Soviet Press Talk Turkey, and Fish

Moscow media swap notes with US colleagues

ALEKSANDR TIKHOMOROV, popular Soviet TV journalist, member of the Supreme Soviet, and, until this summer, Communist Party delegate, was very unhappy. The focal point of Mr. Tikhomorov's displeasure at the moment was not the uneven progress of perestroika (restructuring), nor the uncertainty in the debates over Baltic statehood. Tikhomorov's concern was directed at a three-inch shiner minnow attached to the business end of his fishing line. In the universal language of fishermen, Tikhomorov shrugged his shoulders.

``No fish.''

Although his love for fishing remains the same, professional life is different for Tikhomorov and other Soviet journalists in the era of Mikhail Gorbachev. Since the Soviet leader came to power in 1985, Soviet print and broadcast journalists have been granted more freedoms, both to report news and to travel.

Last month, seven Soviet broadcast journalists took advantage of that freedom, participating in a first-of-its-kind forum on democracy and television, hosted by St. Paul public television station KTCA. The forum will result in a 90-minute program, scheduled to air on both United States and Soviet TV sometime this fall.

After discussing such weighty matters as censorship and propaganda, the Soviets spent some free time on a popular Minnesota fishing lake, failing to catch fish along with American journalists.

The similarities between Soviet and American journalists do not end there. Freedom of the press was added to the new Soviet Constitution in June with the adoption of a new press law. In July, press freedoms were expanded by Mr. Gorbachev's decree.
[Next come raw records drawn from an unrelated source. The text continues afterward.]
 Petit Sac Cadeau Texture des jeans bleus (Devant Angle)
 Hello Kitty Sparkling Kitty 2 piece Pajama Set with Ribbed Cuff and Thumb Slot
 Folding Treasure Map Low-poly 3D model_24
If fired, `Where can we go?'

Not only was the right to report the news written into the Constitution, but enterprising Soviets can open their own TV stations, if they can raise the money.

Even with the new rules, the Soviet press remains handcuffed by the old Communist bureaucracy, which runs television in the country. Until new stations are up and running, the specter of censorship still hangs over the Soviet broadcasters.
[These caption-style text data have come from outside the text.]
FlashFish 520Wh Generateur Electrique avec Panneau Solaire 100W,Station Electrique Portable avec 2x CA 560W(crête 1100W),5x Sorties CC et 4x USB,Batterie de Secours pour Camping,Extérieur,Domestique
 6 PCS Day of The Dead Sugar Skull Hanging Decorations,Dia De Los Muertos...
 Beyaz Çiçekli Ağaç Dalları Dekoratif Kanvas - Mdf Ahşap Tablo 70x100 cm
``If we are fired, where else can we go?'' says Tikhomorov, a veteran political reporter. ``We only have one television [network].''

Before 1985, all programming was controlled by the central government. Tikhomorov estimates that, today, 50 percent of the news content is controlled in some way by the state.

The results, appropriately, are mixed. Recently, a ``60 Minutes''-style investigative piece was aired on shoddy construction practices in Moscow apartment buildings, says Oleg Tochilin, head of a Soviet radio department. An example of what does not air was Sergei Medvedev's spring interview with an anti-communist leader.

The progress of press freedoms was rapid from 1985 to 1989, the journalists agree, but slowed considerably in 1990, perhaps prompting the constitutional changes. ``The [Soviet] media ran into a crisis and was frozen for a moment,'' says Nick Hayes, professor of Soviet studies at Hamline University in St. Paul.

``We have gained nothing in the last year,'' Mr. Medvedev says.

Last spring, Medvedev's report on a 400,000- to 500,000-person demonstration was nearly cut by his superiors, who thought the crowd was closer to 80,000. Their first reaction ``was to ban the story as if it didn't exist, as if it didn't happen,'' he says. Medvedev won the argument, and the story aired with his estimate.

Bureaucrats squelch shows

The reasons for the slowdown in the progress of press freedom are unclear, although Tikhomorov blames the bureaucracy. One news program, called ``Seven Days,'' was preempted after some higher-up objected to its content, but those who prevented the program from airing have been replaced, he says.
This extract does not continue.